For nearly 100 years, organ music has added another dimension to the sermons, Scripture readings and worship at Trinity Lutheran Church in Altenburg. On Sunday afternoon, a benefit concert featuring organ selections, vocal pieces performed by guests from St. Andrew Lutheran Church and a brass choir will showcase the sound of the 95-year-old instrument. The concert is also the kickoff event for a fund-raising campaign to benefit both the church and Saxony Lutheran High School near Fruitland...

For nearly 100 years, organ music has added another dimension to the sermons, Scripture readings and worship at Trinity Lutheran Church in Altenburg.

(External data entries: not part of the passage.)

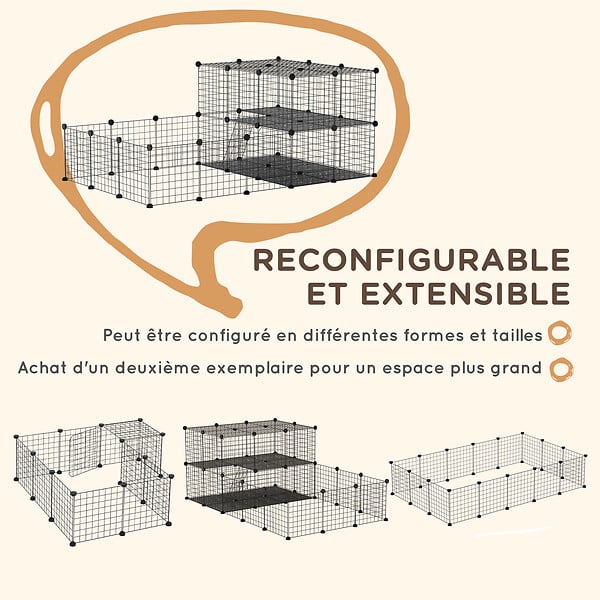 PAWHUT - Cage parc enclos rongeurs modulable dim. L 175 x l 105 x H 70 cm 2 niveaux 2 portes rampe résine PP fil métallique noir - large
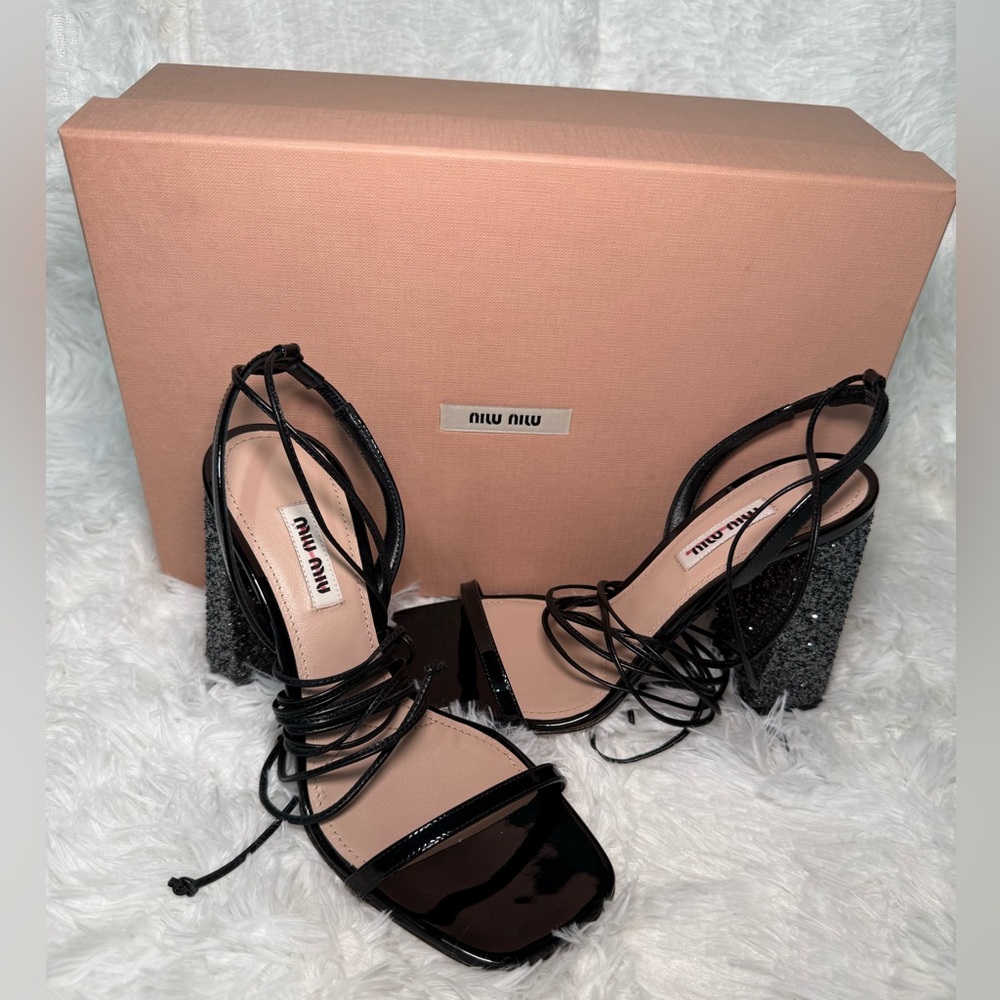 Miu Miu Black Patent and Silver Glitter Heels 🖤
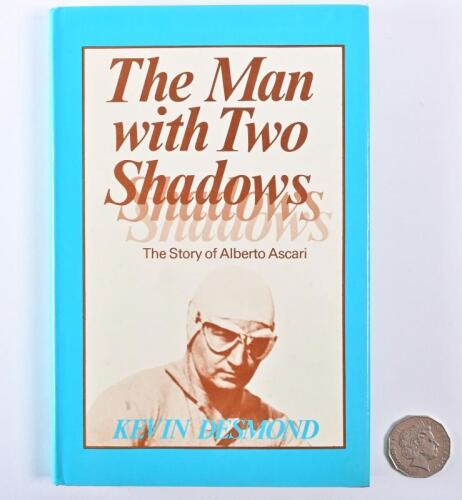 ALBERTO ASCARI: "The Man With Two Shadows" hardcover book by Kevin Desmond, with signed signature card in blue ink inside cover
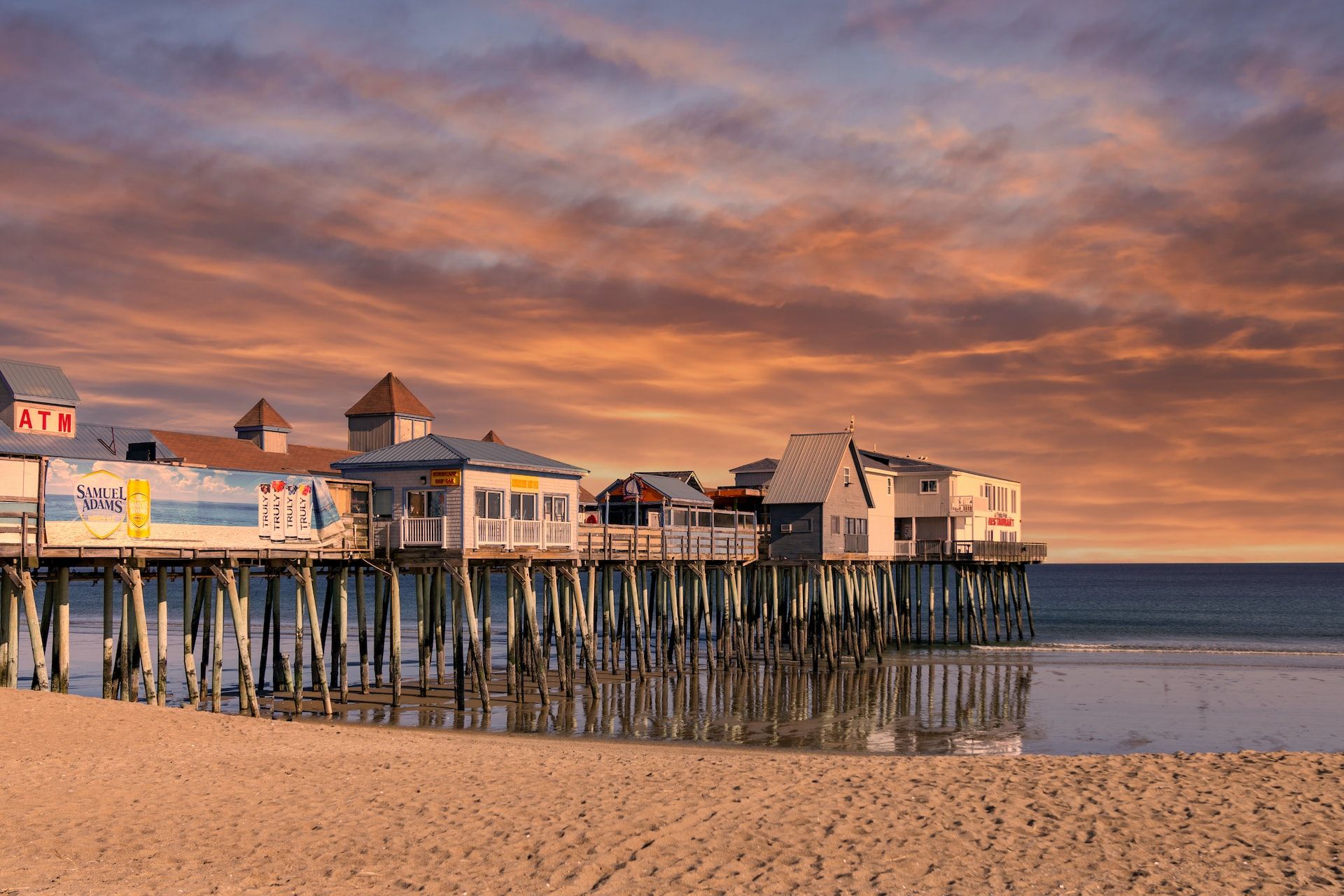 Old Orchard Beach Pier at sunset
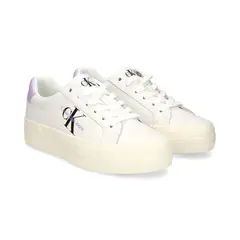CALVIN KLEIN - Tenis blanco de plataforma de cuero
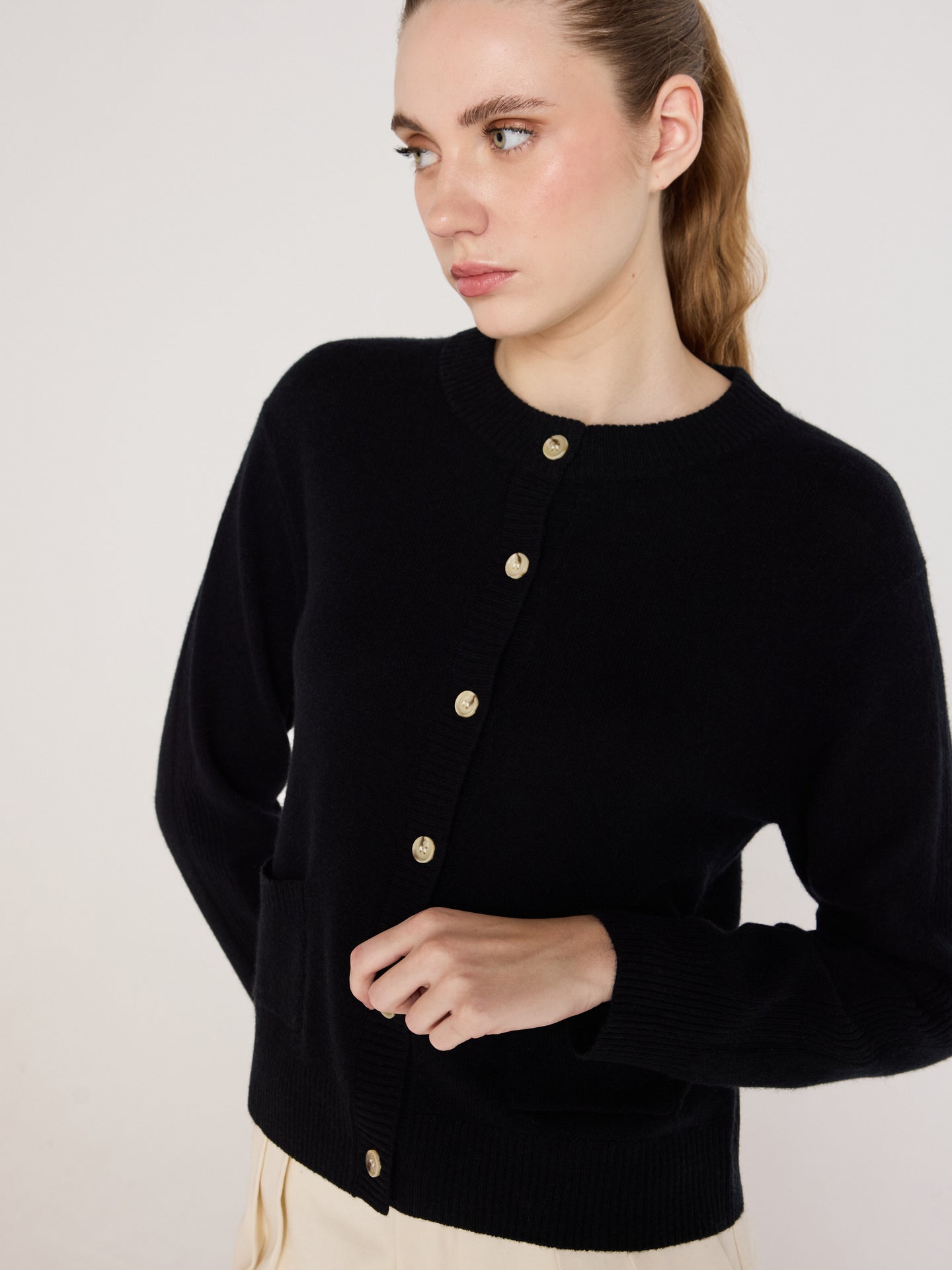Strickjacke riley - Kaschmir - black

On Sunday afternoon, a benefit concert featuring organ selections, vocal pieces performed by guests from St. Andrew Lutheran Church and a brass choir will showcase the sound of the 95-year-old instrument. The concert is also the kickoff event for a fund-raising campaign to benefit both the church and Saxony Lutheran High School near Fruitland.

The concert will be at 4 p.m., and admission is free. An offering will be collected.

After 95 years of careful maintenance and tunings, the organ at Trinity is in need of restoration. The renovation project was introduced to the Altenburg congregation last week.

Organist Matt Palisch said few people realize how important the organ is as an instrument of worship. He's been playing for four years and studies music at Southeast Missouri State University.

"People don't know the power you have as an organist leading people in songs and praise," he said. The organ is the one instrument that can most closely mimic the human voice.

And at Altenburg, it's an instrument "that has a tremendous musical heritage," Palisch said.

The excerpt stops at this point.